# What Mythical Creature Are You?



## Papa Bones (Jul 27, 2005)

Check out http://quizfarm.com/test.php?q_id=21002&first=yes

I'm a werewolf like I was in the what monster are you thread thats floating around here somewhere.

You scored as WereWolf. 
WereWolf: Craving rare Meat, feeling caged, aggitated by being around people. Unable to control one's anger or temper. The person will give off symptoms of the shift. They will seem more hostile, blood thirsty, aggitated. They may even growl, bare their teeth or other animal like tendencies. In rare cases, some will physically change. Facial hair will grow thicker or darker, nails will become longer, canine's will seem longer. Embrace your wild side, for you are The Misunderstood WereWolf.

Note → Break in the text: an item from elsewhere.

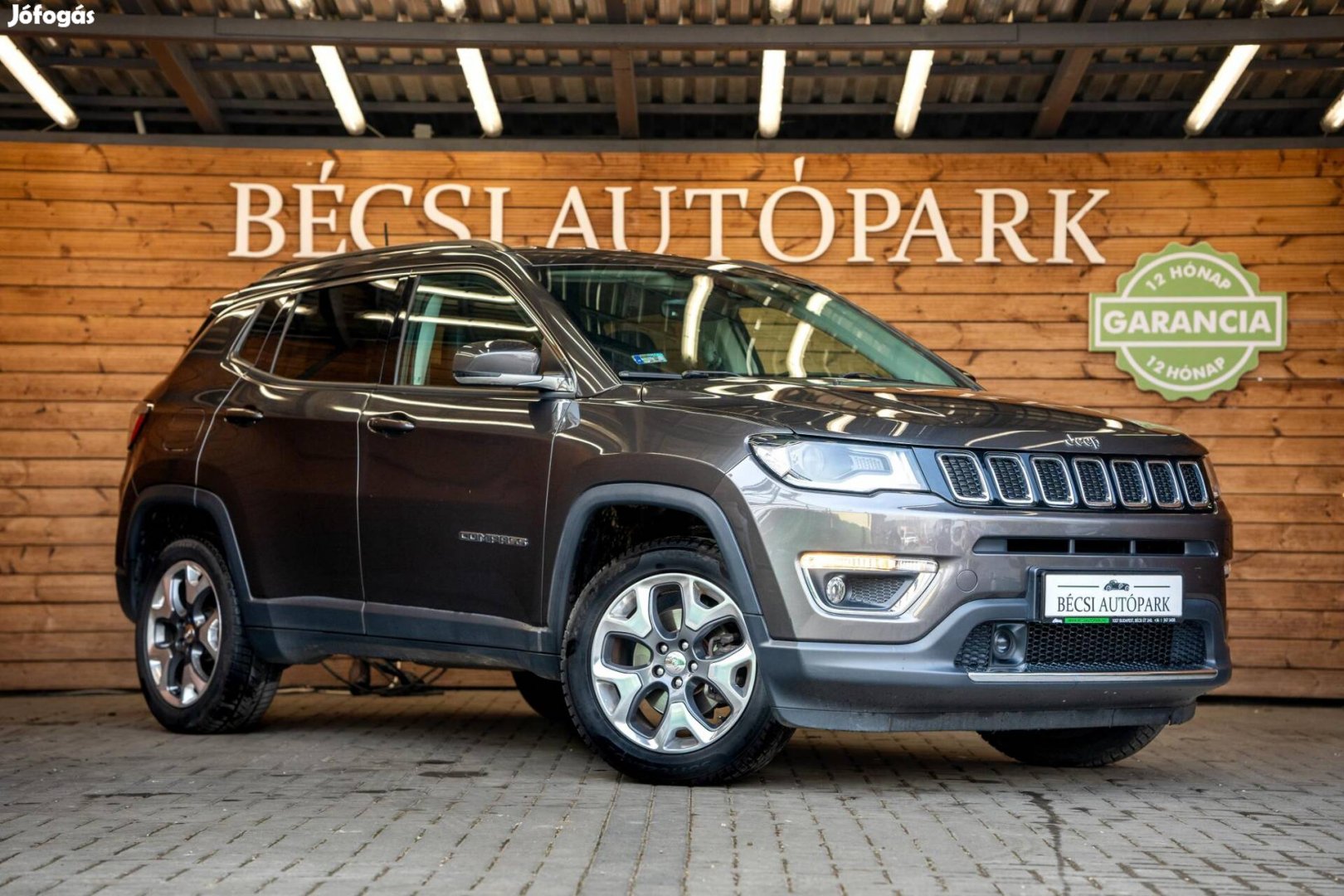 JEEP Compass 1.4 Multiair 2 Limited 4WD (Automa...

I once convinced somebody that I really was a werewolf. I am what is politely referred to as hirsute and have rather prominent canine teeth so that might have helped, and it probably didn't hurt that this person thought she was a vampire.


----------



## grapegrl (Jan 3, 2006)

You scored as Faerie. 

Faerie: Aren't you a cute little flying person? Faeries are earth spirits. They live among each element completely hidden. They have cousins called Pixies. Pixies however, are very mischevious. They enjoy tormenting other creatures for fun. Little pranksters.. I hope you never meet one. Pixies have a bad reputation for finding a creature and clinging to them until death. Faeries can be somewhat close to a Pixie, but mostly they are loving, playful, and carry with them a child-like enthusiasm for life. Hide among the pedals of a Daisy, you are a Faerie.


----------



## Anachronism (Apr 22, 2004)

You scored as Angel.

Angel: Angels are the guardians of all things, from the smallest ant to the tallest tree. They give inspiration, love, hope, and positive emotion. They live among humans without being seen. They are the good in all things, and if you feel alone, don't fear. They are always watching. Often times they merely stand by, whispering into the ears of those who feel lost. They would love nothing more then to reveal themselves, but in today's society, this would bring havoc and many unneeded questions. Give thanks to all things beautiful, for you are an Angel.

Angel 67% 
Mermaid 58% 
WereWolf 42% 
Faerie 42% 
Demon 42% 
Dragon 25%


----------



## morgan8586 (Aug 30, 2006)

This thing is whacked.....how in the hell am I a Faerie? (No freaking comments from the sidelines either!)


----------



## Hella (Feb 6, 2006)

You scored as a Dragon: Now talk about a legend. These magnificent creatures are of many species. Some can be as large as the Earth itself, while others are as small as a mouse. One image that comes to everyone's mind is the large, fire breathing Dragons that loathed humans and loved to sleep on massive piles of gold. Not all dragons have a bad reputation. Most dragons are very wise, caring, and protective. It would make a person very lucky indeed to meet a dragon. Especially if they walked away untouched. I admire your wisdom, for you are the Ancient Dragon


----------



## skullboy (Sep 21, 2006)

Werewolf.How fitting considering I just let my beard grow in.


----------



## Johnny Thunder (Feb 24, 2006)

Well, Morg, you DID say I was a good lookin' fellah  

I am a Werewolf.


----------



## dynoflyer (Oct 8, 2006)

You scored as Dragon. Hummm, kinda matched by moniker. 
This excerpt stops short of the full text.